# Homework Help: Using symmetry in electrostatic problem

1. Dec 10, 2011

### issacnewton

here is what I am doing. I am trying to argue that the electric field is zero at the
center of the sheet using only symmetry arguments.

consider an insulator in the shape of infinite sheet of thickness 2a and with uniform charge density $\rho$. Now let me specify the coordinate system. The sheet is from
z=-a to z=a. Now we need to give convincing arguments for the statement that
the electric field at z=0 is zero. Before I answer that, lets notice the
symmtries present in the charge distribution. There is reflection symmetry
at z=0. There is rotational symmetry about the z axis. And there is translational
symmetry if we move z axis parallel it itself.

So lets assume that $\mathbf{E}\neq 0$ at z=0. So it will , in general case, have
x,y,z components. But if it has z component then it violates relfection symmetry
about z=0. So lets remove that component. So we are left with x,y components. The net
$\mathbf{E}$ will have certain direction in the x-y plane. But since charge has
rotational symmetry around z axis, even this particular direction of $\mathbf{E}$
is not possible. There is one last possiblity left. We can let $\mathbf{E}$ emerge
from (0,0,0) and then it will radially go outwards in the x-y plane. In this way, the
$\mathbf{E}$ is symmetric about z axis. But since the charge is symmetric about
any axis parallel to the z axis, this choice of $\mathbf{E}$ is not possible.
So the only logical option left is the case where $\mathbf{E}=0$ at z=0.
I hope my argument is right. I have not solved any differential equation so far
to arrive at this conclusion. I have assumed that the electric field obeys the
same symmetry as the charge distribution. If we look at the Gauss's law in
differntial form,

$$\vec{\nabla}\cdot \mathbf{E} =\frac{\rho}{\epsilon_o}$$

I think its possible to see that the symmetry in charge distribution should result
in symmetry in electric field. But I don't know how to prove this mathematically.

I think we might be able to prove this using group theory, I am not sure.
What do you think about this ?

It should be possible to apply this line of reasoning to other Maxwell equations
as well.

I have not seen the above reasoning in introductory physics books.
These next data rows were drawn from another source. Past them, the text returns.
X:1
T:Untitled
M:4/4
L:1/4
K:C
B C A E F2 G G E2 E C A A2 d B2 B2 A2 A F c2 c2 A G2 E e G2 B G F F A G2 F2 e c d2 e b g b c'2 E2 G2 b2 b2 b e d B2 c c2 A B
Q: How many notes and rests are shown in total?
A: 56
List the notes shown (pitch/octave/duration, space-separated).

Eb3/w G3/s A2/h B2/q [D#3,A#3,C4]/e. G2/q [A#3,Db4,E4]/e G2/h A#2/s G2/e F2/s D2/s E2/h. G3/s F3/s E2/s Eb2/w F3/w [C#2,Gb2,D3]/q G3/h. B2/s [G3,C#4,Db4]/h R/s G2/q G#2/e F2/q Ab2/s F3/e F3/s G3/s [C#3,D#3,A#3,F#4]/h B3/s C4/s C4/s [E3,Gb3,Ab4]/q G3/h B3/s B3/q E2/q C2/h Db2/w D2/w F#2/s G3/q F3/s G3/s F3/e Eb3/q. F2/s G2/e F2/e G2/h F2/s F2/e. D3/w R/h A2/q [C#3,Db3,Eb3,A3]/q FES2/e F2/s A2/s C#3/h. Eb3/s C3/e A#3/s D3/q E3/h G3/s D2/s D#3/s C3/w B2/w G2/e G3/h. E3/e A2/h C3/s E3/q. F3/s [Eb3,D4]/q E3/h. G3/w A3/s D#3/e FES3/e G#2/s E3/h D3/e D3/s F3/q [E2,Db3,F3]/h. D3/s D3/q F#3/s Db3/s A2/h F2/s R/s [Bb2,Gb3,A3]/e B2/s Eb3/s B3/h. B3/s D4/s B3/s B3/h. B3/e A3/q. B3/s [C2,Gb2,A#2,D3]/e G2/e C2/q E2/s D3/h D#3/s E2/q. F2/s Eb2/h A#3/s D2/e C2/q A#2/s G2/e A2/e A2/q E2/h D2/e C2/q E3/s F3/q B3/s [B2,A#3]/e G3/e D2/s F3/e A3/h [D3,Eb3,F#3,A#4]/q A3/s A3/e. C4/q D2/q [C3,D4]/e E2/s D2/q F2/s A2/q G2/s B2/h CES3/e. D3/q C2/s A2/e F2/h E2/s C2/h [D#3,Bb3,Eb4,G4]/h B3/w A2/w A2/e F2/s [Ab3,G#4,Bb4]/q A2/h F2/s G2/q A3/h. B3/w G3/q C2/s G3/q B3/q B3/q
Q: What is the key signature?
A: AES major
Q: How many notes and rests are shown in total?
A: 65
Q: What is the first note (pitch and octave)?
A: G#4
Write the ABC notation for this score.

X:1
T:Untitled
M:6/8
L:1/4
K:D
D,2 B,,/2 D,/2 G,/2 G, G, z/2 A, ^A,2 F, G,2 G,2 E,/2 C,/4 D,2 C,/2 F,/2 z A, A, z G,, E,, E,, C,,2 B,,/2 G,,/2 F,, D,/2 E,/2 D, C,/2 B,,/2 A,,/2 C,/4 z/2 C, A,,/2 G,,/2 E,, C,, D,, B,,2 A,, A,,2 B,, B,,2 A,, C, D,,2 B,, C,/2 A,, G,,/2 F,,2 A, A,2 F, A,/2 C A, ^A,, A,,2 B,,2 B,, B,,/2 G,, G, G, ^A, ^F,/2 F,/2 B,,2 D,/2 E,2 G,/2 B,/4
Please comment and
let me know any flaws.

2. Dec 10, 2011

### Liquidxlax

3. Dec 10, 2011

### issacnewton

hi liquid, but is my intuition correct ? that symmetry in charge distribution goes to symmetry
in the electric field produced by these charges ?

4. Dec 10, 2011

### ehild

That is right. Read the article:

http://en.wikipedia.org/wiki/Symmetry_(physics)

ehild

5. Dec 11, 2011

### issacnewton

echild, thanks. I have read that article but this particular information I didn't find there.
Can you point out to the specific information please ?

6. Dec 11, 2011

### ehild

Read "Invariance in force". Very similar to your argument: The symmetry of charge distribution is mirrored in the symmetry of the electric field. But the whole article is useful; remember it.

ehild

7. Dec 11, 2011

### issacnewton

Yes , I read that. Its related. I was wondering how do we prove this mathematically. There must be some way of doing that. I have not seen my approach in David Griffiths's book even though its so simple and elegant. Now I am wondering if I can extend this approach to solve problems in other areas of EM , like currents and relativistic stuff. But I am looking for more mathematical justification for what I am thinking. Some physicists have a nasty habit of using sloppy arguments (Griffiths does that often). I am trying to think like Herman Weyl, who made important contributions to the study of symmetry and he was a mathematician. And using symmetry arguments is so elegant and beautiful.
I have not seen US physics books(introductory, e.g. Young and Freedman, Halliday and Resnick , Griffiths's EM) using the kind of argument I gave here to solve physics problems.

thanks

8. Dec 11, 2011

### ehild

Physicist do use symmetry arguments, mostly intuitively. I can not help you to find a rigorous prof now.
See Noether's theorem http://en.wikipedia.org/wiki/Noether's_theorem if you want to dive in the problem. It is very interesting that every symmetry involves a conservation law.

ehild

9. Dec 11, 2011

### issacnewton

ehild, well , probably my arguments ultimately follow from Noether's theorem. This theorem is not taught widely in physics courses, which is sad. Its the symmetry which gives lot of elegance to physics.......

10. Dec 11, 2011

### ehild

You are right. Also study Group Theory.

ehild

11. Dec 11, 2011

### issacnewton

Hello ehild

But it seems that the symmetry in current distribution doesn't always go into the symmetry of the magnetic field. Consider infinite uniform surface current $\mathbf{K}=K\;\hat{\mathbf{x}}$
flowing over the xy plane. here the magnetic field would be

$$\mathbf{B}=(\mu_o/2)K\;\hat{\mathbf{y}} \quad\mbox{for}\;z<0$$

$$\mathbf{B}=-(\mu_o/2)K\;\hat{\mathbf{y}} \quad\mbox{for}\;z>0$$

So we can see that the current has reflection symmetry in xz plane but the magnetic field doesn't have such reflection symmetry. So what do you think the reason is ?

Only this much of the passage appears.